§ Work task
The goal is an unaltered copy of the records below, minus any images.

[[ Data section open ]]

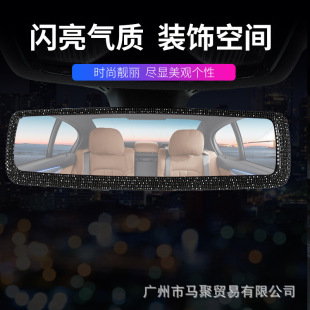 ��܇܇���荺�ҕ�R�b�܇�dˮ荸��嵹܇�R���Կɐۄ���Ůʿ��Ʒ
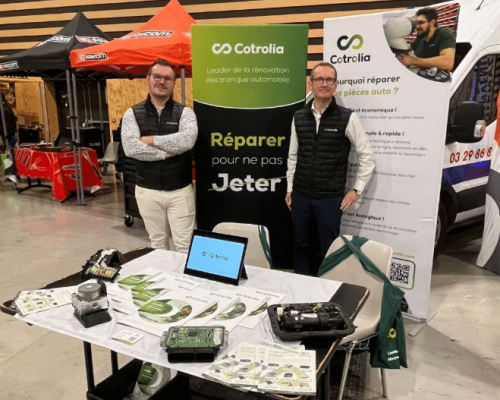 Capture d'écran 2025 12 18 113606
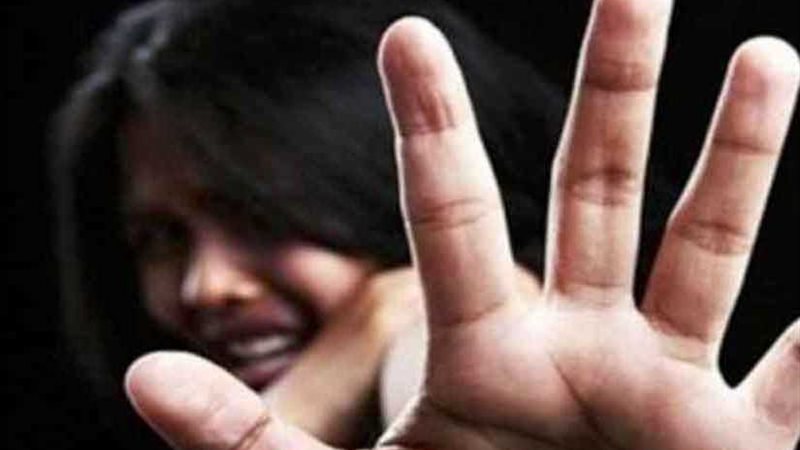 طبيبة تدفع ثمن الفوضى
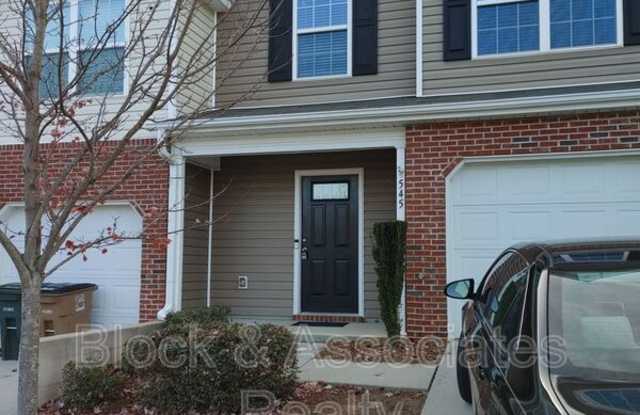 545 Song Sparrow Ln photos photos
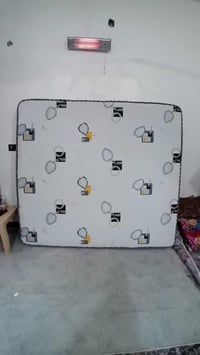 مندر نفرين • استعمال قليل • جديد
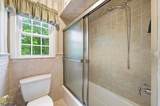 16 Beech Ct - Photo 28
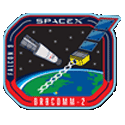 OG2 Mission 2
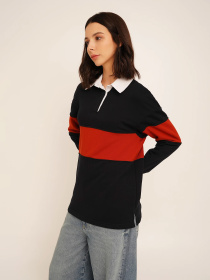 Поло LAWA модель 2000990791818 Фото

[[ Data section closed ]]

§ Exercise answer
 ��܇܇���荺�ҕ�R�b�܇�dˮ荸��嵹܇�R���Կɐۄ���Ůʿ��Ʒ
 Capture d'écran 2025 12 18 113606
 طبيبة تدفع ثمن الفوضى
 545 Song Sparrow Ln photos photos
 مندر نفرين • استعمال قليل • جديد
 16 Beech Ct - Photo 28
 OG2 Mission 2
 Поло LAWA модель 2000990791818 Фото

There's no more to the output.